More will go to curation rewards and less to author rewards, but amount allocated by each voter will remain the same.

whales distributing a much larger portion

Even if what you wrote about the increase all of our power were correct, the portion (i.e. fraction) distributed by whales wouldn't be any different than before. Your own example demonstrates this. In the first case, @smartsteem is distributing 98.09% (177.26/(177.26+3.38+0.08)) and in the second case @smartsteem is distributing 98.09% (189.67/(189.67+3.61+0.085)).

The only way your claim about a shift of "gap" could be correct would be whales and non-whales systematically differ in how much extra they award to authors by the current (to be removed) early voting bonus to authors. That's possible but certainly not obvious, and your example didn't demonstrate it (or even claim it).

Assuming the same number of votes by the same amount of SP, each vote is allocating exactly the same as before

Your assumption is incorrect.

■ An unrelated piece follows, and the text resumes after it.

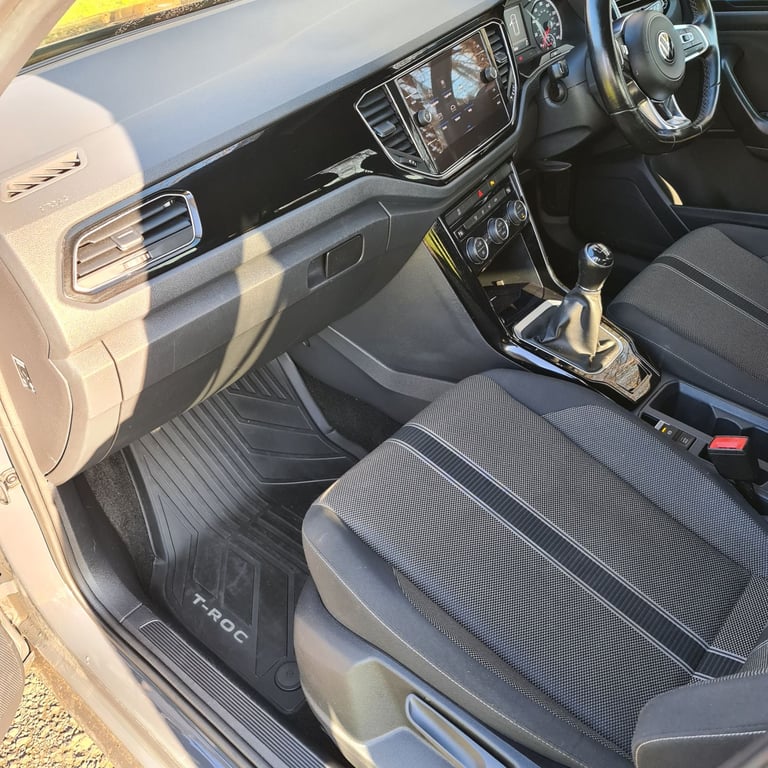 Volkswagen T-ROC Hatchback 2020 Manual 1.5 TSI EVO 12 month MOT , serviced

What you want is "assuming the same number of rshares used to assign the pool" and HF20 will change that number by destroying some of them in the post payout process.

The fact that some of the rshares are destroyed after the vote doesn't really matter, they're still not being used to determine the rewards. So it's equivalent to a dramatic reduction in voting.

It's probably easier to think about this in some of the other ways "return to the pool" happens, like @steemit not voting. But it's the same effect.

Again, 1000 STEEM goes into the pool each day, which means 1000 STEEM goes out. If 1 million SP place votes, then STEEM is awarded out of the pool at a rate of 0.001 STEEM/SP. What happens in between doesn't matter.

There's no way around this.

(Obviously these numbers are made up and hypothetical. Substitute the actual numbers and the actual rate of STEEM/SP will still remain the same before and after.)

While the numbers end up the same, the calculations have different denominators, and that turns out to be pretty important.

The total Steem in the pool is determined based on the total number of Steem in existence, while the distribution of the pool is determined based on the SP used to generate rshares.

Now that SBD is closer to normal that ratio is the primary factor determining things like the self-voting APR and the total profit available in a vote-selling transaction. It's a big deal.

I'm only going to say this one more time. The reward generated per SP will be exactly the same as before The number of rshares used to calculate payout will be lower, but the reward per rshare will be higher. The two differences will exactly cancel out.

By design, authors will receive (slightly) less of that reward and curators will receive (slightly) more. Neither you nor anyone else has yet come up with a coherent explanation why this is a bad thing.